Suggested Workshop elements and flow

  • Please arrive 10 minutes before to set up room, make tea and connect electronically, get surveys from Rachel, greet attendees
  • Start your workshop with introductions 
  • Note "rules" for discussion if you'd like
  • Model best practices
  • Summarize the conversation
  • Leave time for a reflection on "how can I use this information in my class or my life?" *this is particularly important so that faculty have time to connect the workshop material to their experience*
  • Give the three question assessment 
  • Follow up with thank you and website link

 Best Practices in Facilitation as described by faculty facilitators

  • Plan for every minute
  • Even a one person audience is worth 100% of your time and effort
  • Make sure that everyone introduces themselves
  • Use backwards design: start with your outcomes, then your activities, then your assessment
  • Focus on a clear idea/direction of what to do in the classroom. Faculty should leave with both a new easy-to-implement activity and the content.
  • Model exercises/active learning/CATs/HIPs/UDL with specific attention to your topic. So, if you are discussing relationship based teaching, you should model best practices in relationship building, etc. 
  • Take abundant notes so that you can summarize the conversation
  • Have discussion questions planned out and clearly displayed
  • If possible, sit down
  • Make sure you have a solid foundation in the research before facilitating
  • Give every participant a chance to say something, even just a word or two. If you write down responses, makes sure to value everyone's contribution and write down everyone's responses
  • Give a handout for attendees to write on and take with them
  • Delocalize authority: get your audience to talk with each other
  • Practice beforehand
  • Practice FISH Philosophy https://www.fishphilosophy.com
  • Gauge where people actually are in their knowledge/interest

Mistakes we've learned from

  • Not taking enough notes during the conversation
  • Leaving my phone on :)
  • Trying to pack in too much information and not leaving time for reflection
  • Going down a rabbit hole and running out of time for the important stuff
  • Not giving people enough time to think
  • Overplanning and not being flexible
  • Not having back-up technology
  • Not knowing my audience!

 Discussion guidelines for attendees (on display in CTL)

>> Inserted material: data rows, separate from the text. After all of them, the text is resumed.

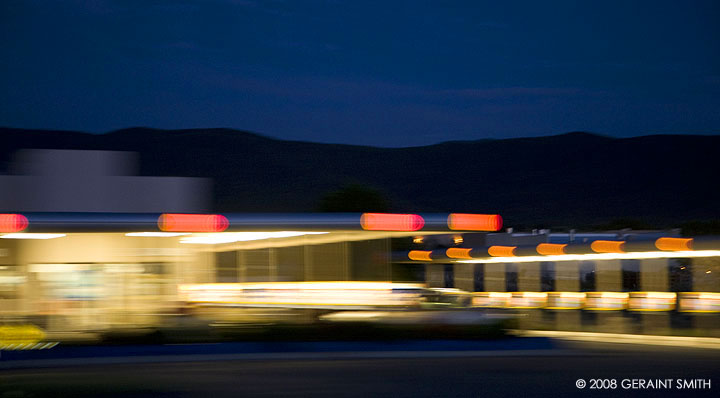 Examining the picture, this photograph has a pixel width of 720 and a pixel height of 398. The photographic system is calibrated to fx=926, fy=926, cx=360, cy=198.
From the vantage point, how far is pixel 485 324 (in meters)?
19.5

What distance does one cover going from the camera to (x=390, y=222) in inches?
617

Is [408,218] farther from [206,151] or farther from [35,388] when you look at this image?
[206,151]

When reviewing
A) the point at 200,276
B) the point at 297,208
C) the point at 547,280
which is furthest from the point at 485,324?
the point at 297,208

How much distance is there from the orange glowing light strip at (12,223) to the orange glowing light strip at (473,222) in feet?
22.8

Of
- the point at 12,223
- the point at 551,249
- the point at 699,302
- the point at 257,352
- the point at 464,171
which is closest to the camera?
the point at 12,223

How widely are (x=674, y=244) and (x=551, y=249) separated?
20.0 ft

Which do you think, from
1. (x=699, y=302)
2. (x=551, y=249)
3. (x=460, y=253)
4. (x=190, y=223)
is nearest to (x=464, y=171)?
(x=460, y=253)

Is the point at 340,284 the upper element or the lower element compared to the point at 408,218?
lower

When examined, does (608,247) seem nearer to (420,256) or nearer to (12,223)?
(420,256)

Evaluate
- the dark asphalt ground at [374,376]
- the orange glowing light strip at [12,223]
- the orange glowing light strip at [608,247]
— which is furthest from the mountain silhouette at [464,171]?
the orange glowing light strip at [12,223]

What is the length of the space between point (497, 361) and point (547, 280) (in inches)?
1512

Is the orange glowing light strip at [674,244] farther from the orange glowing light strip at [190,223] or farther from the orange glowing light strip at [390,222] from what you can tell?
the orange glowing light strip at [190,223]

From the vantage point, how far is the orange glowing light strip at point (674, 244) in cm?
2412

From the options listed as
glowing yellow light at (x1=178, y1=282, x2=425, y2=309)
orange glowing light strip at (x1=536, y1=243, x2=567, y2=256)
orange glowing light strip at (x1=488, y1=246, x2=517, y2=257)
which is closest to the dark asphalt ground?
glowing yellow light at (x1=178, y1=282, x2=425, y2=309) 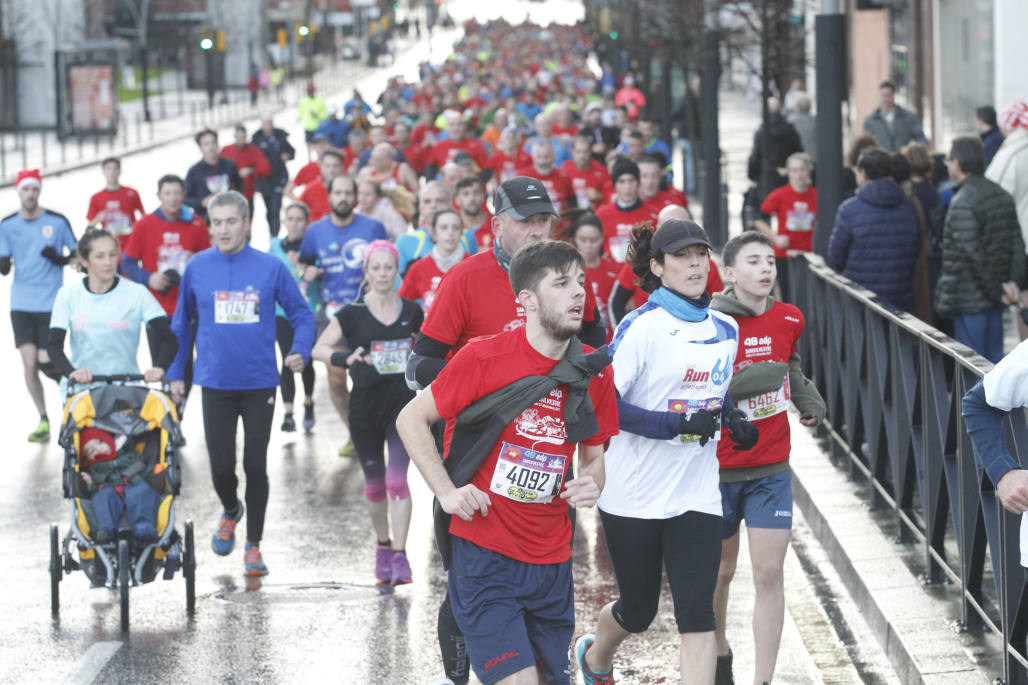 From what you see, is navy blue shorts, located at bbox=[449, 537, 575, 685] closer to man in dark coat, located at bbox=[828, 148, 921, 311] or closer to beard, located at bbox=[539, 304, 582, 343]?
beard, located at bbox=[539, 304, 582, 343]

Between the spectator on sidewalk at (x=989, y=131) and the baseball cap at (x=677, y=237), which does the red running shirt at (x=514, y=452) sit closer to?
the baseball cap at (x=677, y=237)

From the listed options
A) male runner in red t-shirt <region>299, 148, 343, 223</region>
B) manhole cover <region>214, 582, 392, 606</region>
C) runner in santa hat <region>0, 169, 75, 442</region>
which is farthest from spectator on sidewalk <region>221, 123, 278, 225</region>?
manhole cover <region>214, 582, 392, 606</region>

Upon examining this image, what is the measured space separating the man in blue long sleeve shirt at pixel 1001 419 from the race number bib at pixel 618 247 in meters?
6.87

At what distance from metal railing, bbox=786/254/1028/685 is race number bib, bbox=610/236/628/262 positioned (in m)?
1.26

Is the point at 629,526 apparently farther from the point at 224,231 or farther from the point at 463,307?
the point at 224,231

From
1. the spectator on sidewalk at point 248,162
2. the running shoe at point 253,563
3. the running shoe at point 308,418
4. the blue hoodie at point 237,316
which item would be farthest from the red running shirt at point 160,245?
the spectator on sidewalk at point 248,162

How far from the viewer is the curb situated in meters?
6.78

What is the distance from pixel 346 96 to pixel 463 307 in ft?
256

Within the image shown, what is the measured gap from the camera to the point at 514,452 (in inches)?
213

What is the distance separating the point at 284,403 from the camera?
13.5 meters

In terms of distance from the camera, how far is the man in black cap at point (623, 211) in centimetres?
1229

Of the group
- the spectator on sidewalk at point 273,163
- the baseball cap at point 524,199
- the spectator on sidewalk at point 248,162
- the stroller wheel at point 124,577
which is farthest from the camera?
the spectator on sidewalk at point 273,163

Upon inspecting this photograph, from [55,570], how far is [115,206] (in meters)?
7.82

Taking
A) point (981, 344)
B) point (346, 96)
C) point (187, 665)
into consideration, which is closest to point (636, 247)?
point (187, 665) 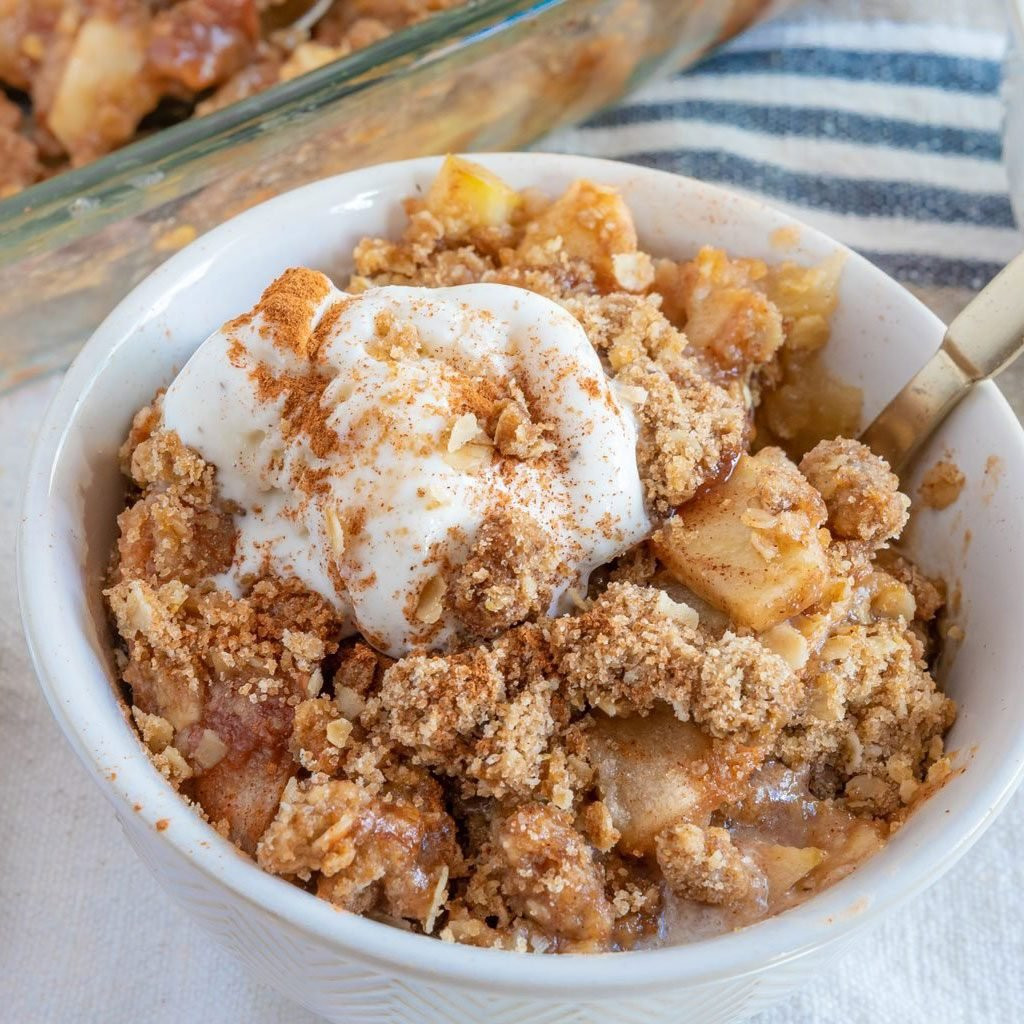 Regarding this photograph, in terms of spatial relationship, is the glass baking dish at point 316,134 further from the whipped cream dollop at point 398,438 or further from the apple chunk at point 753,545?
the apple chunk at point 753,545

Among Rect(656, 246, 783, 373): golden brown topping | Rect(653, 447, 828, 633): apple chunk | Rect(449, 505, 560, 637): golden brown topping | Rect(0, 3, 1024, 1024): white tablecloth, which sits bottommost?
Rect(0, 3, 1024, 1024): white tablecloth

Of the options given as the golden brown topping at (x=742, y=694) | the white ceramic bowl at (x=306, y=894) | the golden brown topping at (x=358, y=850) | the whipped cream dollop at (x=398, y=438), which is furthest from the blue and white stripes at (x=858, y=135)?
the golden brown topping at (x=358, y=850)

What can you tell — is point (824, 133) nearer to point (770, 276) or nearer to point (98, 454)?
point (770, 276)

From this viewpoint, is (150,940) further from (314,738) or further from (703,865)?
(703,865)

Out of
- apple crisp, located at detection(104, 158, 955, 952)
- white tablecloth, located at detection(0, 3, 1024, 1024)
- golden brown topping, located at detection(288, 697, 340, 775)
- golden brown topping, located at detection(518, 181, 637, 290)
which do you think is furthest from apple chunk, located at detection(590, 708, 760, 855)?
golden brown topping, located at detection(518, 181, 637, 290)

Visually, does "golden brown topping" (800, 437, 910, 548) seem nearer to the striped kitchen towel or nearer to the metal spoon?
the metal spoon

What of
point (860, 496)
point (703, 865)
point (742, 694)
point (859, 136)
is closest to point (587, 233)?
point (860, 496)

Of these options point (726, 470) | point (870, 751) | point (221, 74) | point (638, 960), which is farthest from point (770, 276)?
point (221, 74)

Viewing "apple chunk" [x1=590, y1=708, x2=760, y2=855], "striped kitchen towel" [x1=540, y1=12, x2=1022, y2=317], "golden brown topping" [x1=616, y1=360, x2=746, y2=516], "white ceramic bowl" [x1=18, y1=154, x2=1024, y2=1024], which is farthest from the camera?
"striped kitchen towel" [x1=540, y1=12, x2=1022, y2=317]

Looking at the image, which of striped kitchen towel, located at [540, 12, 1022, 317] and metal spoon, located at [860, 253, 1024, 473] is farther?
striped kitchen towel, located at [540, 12, 1022, 317] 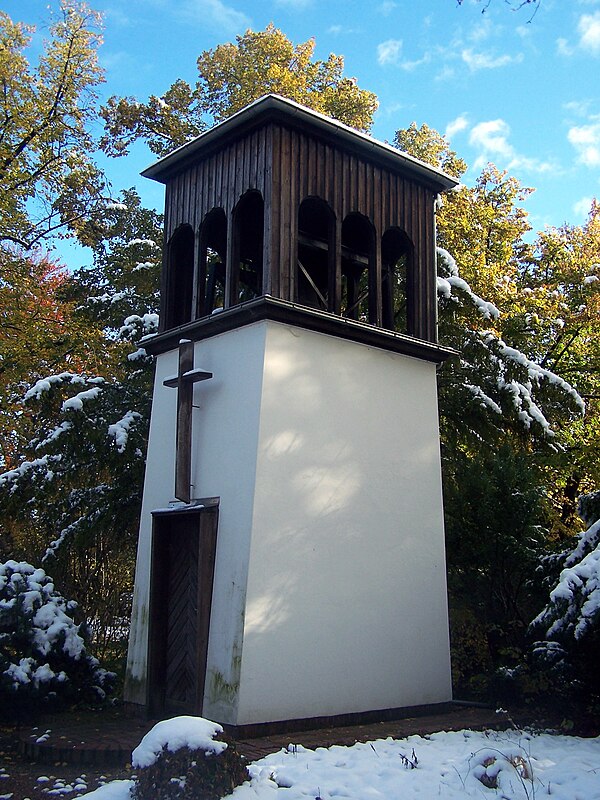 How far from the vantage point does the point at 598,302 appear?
15617mm

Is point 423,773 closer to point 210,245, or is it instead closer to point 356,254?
point 356,254

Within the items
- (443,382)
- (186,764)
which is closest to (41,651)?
(186,764)

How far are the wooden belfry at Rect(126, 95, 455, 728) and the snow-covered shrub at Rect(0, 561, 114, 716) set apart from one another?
69 cm

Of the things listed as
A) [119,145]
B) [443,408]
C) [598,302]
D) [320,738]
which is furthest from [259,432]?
[119,145]

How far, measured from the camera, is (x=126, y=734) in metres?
7.73

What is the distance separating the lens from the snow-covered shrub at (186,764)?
5.13 meters

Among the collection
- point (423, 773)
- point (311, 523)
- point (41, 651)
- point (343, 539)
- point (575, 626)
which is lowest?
point (423, 773)

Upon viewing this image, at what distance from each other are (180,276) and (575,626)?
6.18m

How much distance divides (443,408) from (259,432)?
540 centimetres

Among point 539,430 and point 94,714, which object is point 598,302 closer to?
point 539,430

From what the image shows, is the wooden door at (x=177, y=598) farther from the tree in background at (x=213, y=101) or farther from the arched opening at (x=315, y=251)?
the tree in background at (x=213, y=101)

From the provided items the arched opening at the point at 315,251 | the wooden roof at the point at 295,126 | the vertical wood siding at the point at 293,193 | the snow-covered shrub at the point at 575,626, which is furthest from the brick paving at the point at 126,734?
the wooden roof at the point at 295,126

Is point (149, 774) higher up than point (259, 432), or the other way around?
point (259, 432)

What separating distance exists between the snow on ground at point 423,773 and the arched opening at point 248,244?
476 centimetres
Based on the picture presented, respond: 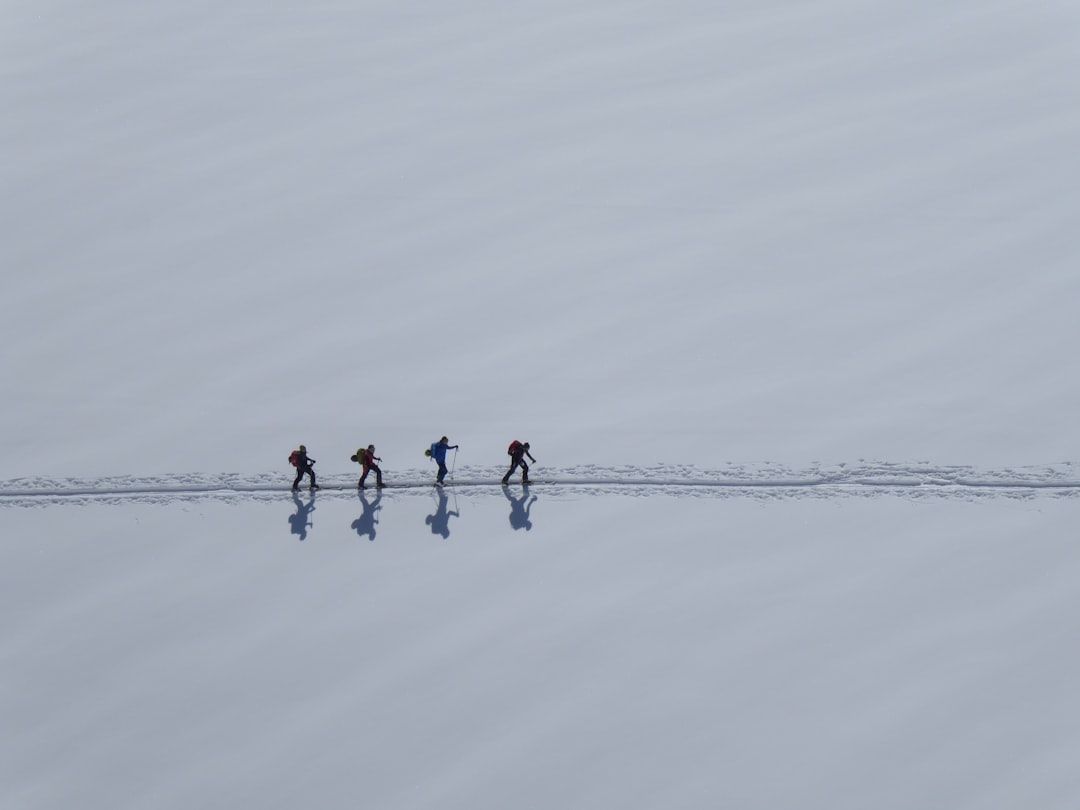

  • Help us start and end on time
  • Self-regulate your speaking time
  • Expect to be challenged and/or annoyed  and/or feel like you said the wrong thing, even if you didn’t
  • If you need to arrive late, leave early or leave the room at any time, it’s ok
  • Help yourself to tea or other hot drinks, they are relaxing

Ideas and Inspiration pages

Faculty and staff are invited to contribute to the "ideas and inspiration" pages, like this one. Some of these pages stem from a workshop or presentation, while others are an outcome of research, teaching philosophy and experience. Please contact the CTL with your ideas.

Sabbaticals, conference reports and practice presentations

If you have recently taken a sabbatical, travelled or plan to give a talk in the future related to teaching and learning, the CTL is available for reports and practice. We have monitors and projectors, and can connect by zoom to off-campus guests. Depending on content, timing and your wishes, the campus can be invited or a selected audience of your choice.